Pourquoi vivre, à quoi bon ? Mais parce qu’on t’a donné la vie. Alors choisis la vie, ta vie. Vis la vie, et si tu peux, si la vie t’en donne la possibilité, transmets-la à ton tour.
Voilà qui est bel et bon. Oui mais. Il y a un petit hic dans la suite du texte : la métaphore du v.4 qui transforme les fils en flèches. Elle me gêne j’avoue car elle peut être le support d’une lecture pervertie. Elle s’explique certes par le contexte. Ce psaume, comme la plupart, trouve sans doute sa forme définitive et sa place dans le recueil au retour d’exil, vers le V°siècle. Le peuple, passé tout près de la destruction, doit se reconstruire sur de nouvelles bases. Revenir au vrai culte, renoncer aux idoles. Dans ce contexte faire des enfants (outre honorer la vie) permet de faire nombre face aux peuples environnants, potentiellement ennemis, conquérants. Désir compréhensible des menacés, des faibles, des petits.
Sauf que ce légitime besoin de simple survie peut s’inverser, on ne le sait que trop aujourd’hui encore, en bien des endroits du monde, entre autres celui où vécut sans doute l’auteur du psaume. La voix des faucons ne cesse d’y couvrir celle des colombes, dans un contexte politique local et international dont la complexité se prête à toutes les manœuvres. Et depuis longtemps les faucons jouent, de part et d’autres, autant des fils utilisés comme de vulgaires pions pour gagner du territoire, que des flèches désormais missiles.
Le texte n’évoque pourtant ici ni mur ni barbelés entre les ennemis, mais se termine sur ce mot si simple de porte. Je sais bien qu’il ne faut pas être naïf et que la porte en question peut être celle d’une place-forte, celle par où on peut passer pour guerroyer.
Mais ici il s’agit de parler. Donc, si les mots ont un sens, miser sur le dialogue et non sur les armes. Se parler entre enfants des deux côtés, chacun jetant ses flèches aux poubelles de l’Histoire. La seule façon pour eux tous, les uns et les autres, de ne plus être dévorés sans fin, de part et d’autre de la porte, par la culpabilité de toutes ces morts accumulées. De ne plus faire honte à l’humanité en eux, de ne plus perdre leur face humaine.

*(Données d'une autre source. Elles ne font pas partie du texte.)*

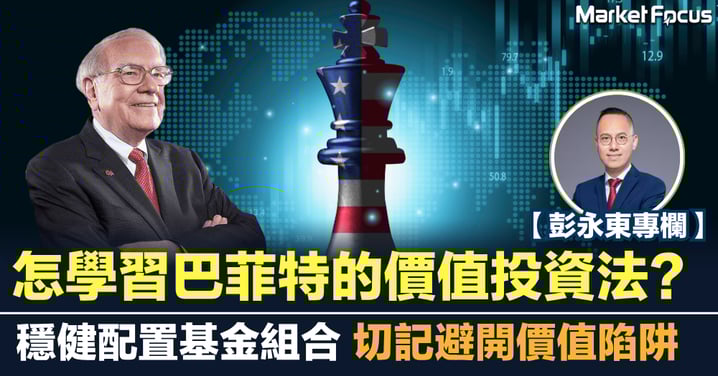 怎學習巴菲特的價值投資法? 穩健配置基金組合 切記避開價值陷阱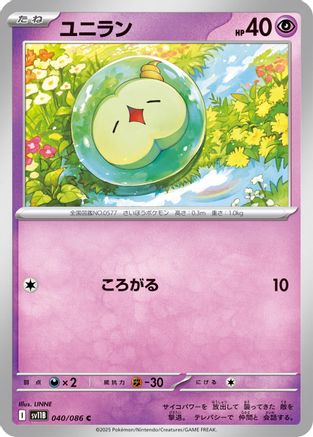 Solosis - 040/086 (040/086) - SV11B Black Bolt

Qu’ils soient soldats, colons instrumentalisés par une politique stupide et contre productive, voire religieux délaissant de façon aberrante la généreuse liberté du livre au profit d’un nationalisme stérile, d’une absurde fétichisation de la terre. Ou bien qu’ils soient, de l’autre côté de la porte et des check-points, une population tout autant instrumentalisée et fanatisée par nombre de ses chefs.
Tout cela pour un seul résultat effectif depuis 75 ans : le reniement de la vie, l’adhésion à la mort. Le triomphe, en somme, d’une logique sacrificielle perverse, inhumaine. La logique du « mode idoles » à laquelle encore, à nouveau, sans cesse, il faut trouver la force et les moyens de dire non.
Image par falco de Pixabay david dansant
Réconfortante lecture qui fait écho à cet Apeirogon de Colum McCann que je viens de terminer et que je recommande avec chaleur ( par les temps qui courent vigueur serait moins ambigu, mais comment parler de ce qui réchauffe les cœurs refroidis?
Oui, Apéirogon : fragiliennes, fragiliens, lisez ça ! Livre constructif si ce mot a un sens, et sur un mode d’écriture très parlant lui aussi.